▸ **Assignment**:
From the line with "a new season" to the line with "1301 Laurel Brook", output every line below exactly, both ends included. Skip the pictures.

▸ **Input material**:

- Opening Delimiter -

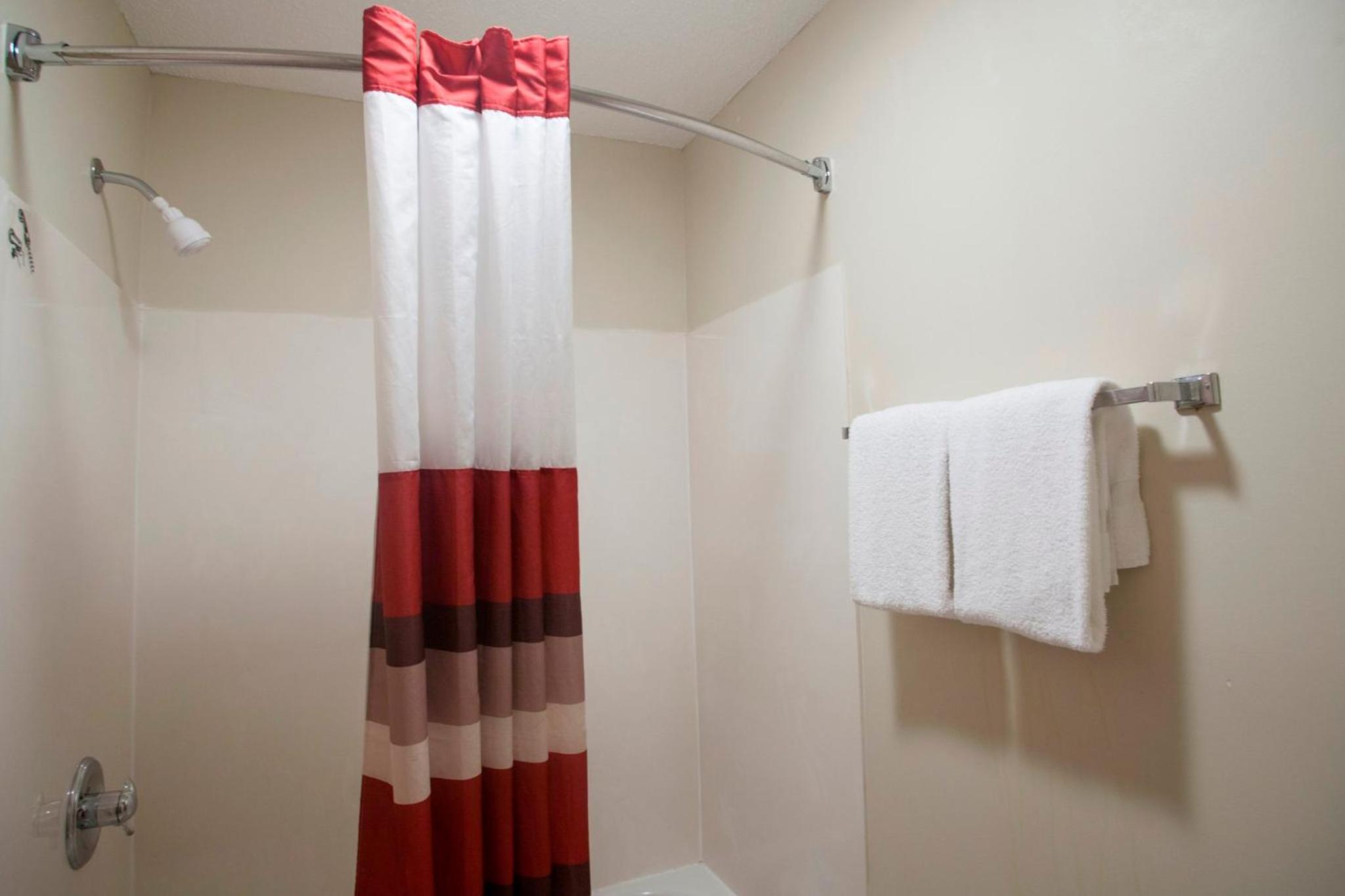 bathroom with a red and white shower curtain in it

- Closing Delimiter -
- Opening Delimiter -

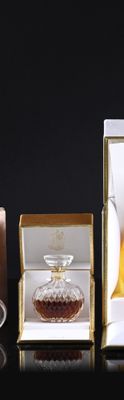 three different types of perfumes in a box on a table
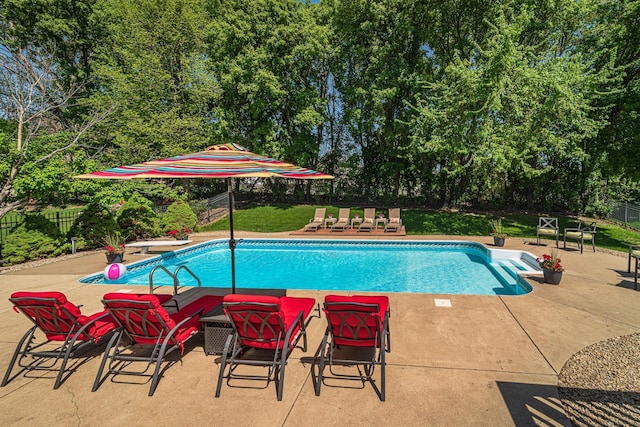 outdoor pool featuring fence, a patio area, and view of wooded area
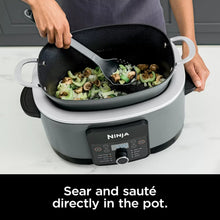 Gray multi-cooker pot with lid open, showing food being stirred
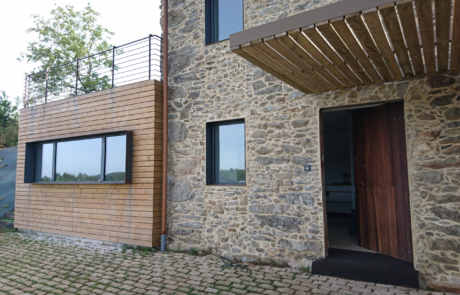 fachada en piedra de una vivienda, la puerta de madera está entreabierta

- Closing Delimiter -
- Opening Delimiter -

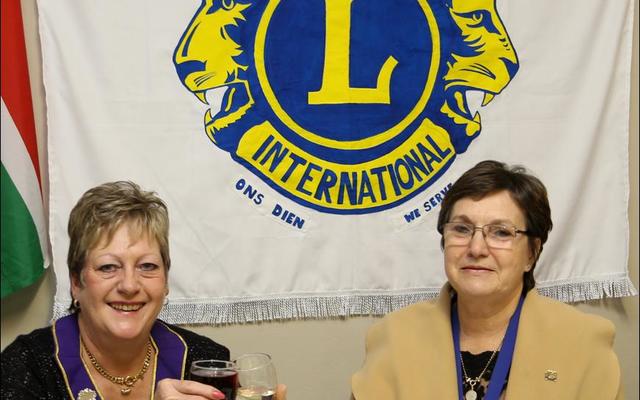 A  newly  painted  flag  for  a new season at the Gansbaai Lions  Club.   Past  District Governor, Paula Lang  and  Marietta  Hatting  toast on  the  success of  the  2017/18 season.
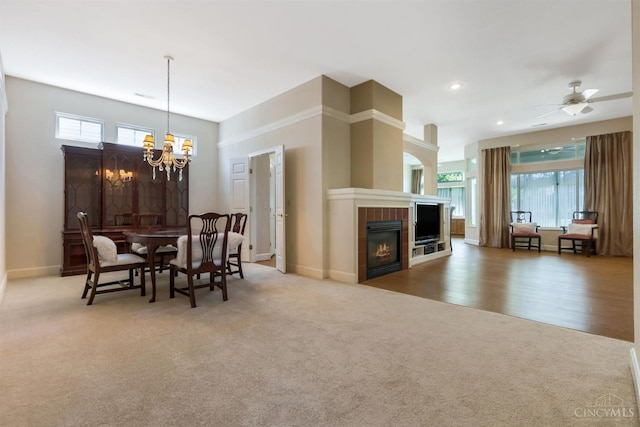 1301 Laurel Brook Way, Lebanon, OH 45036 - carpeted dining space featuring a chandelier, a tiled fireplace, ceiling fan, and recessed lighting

- Closing Delimiter -

▸ **Your response**:
 A  newly  painted  flag  for  a new season at the Gansbaai Lions  Club.   Past  District Governor, Paula Lang  and  Marietta  Hatting  toast on  the  success of  the  2017/18 season.
 1301 Laurel Brook Way, Lebanon, OH 45036 - carpeted dining space featuring a chandelier, a tiled fireplace, ceiling fan, and recessed lighting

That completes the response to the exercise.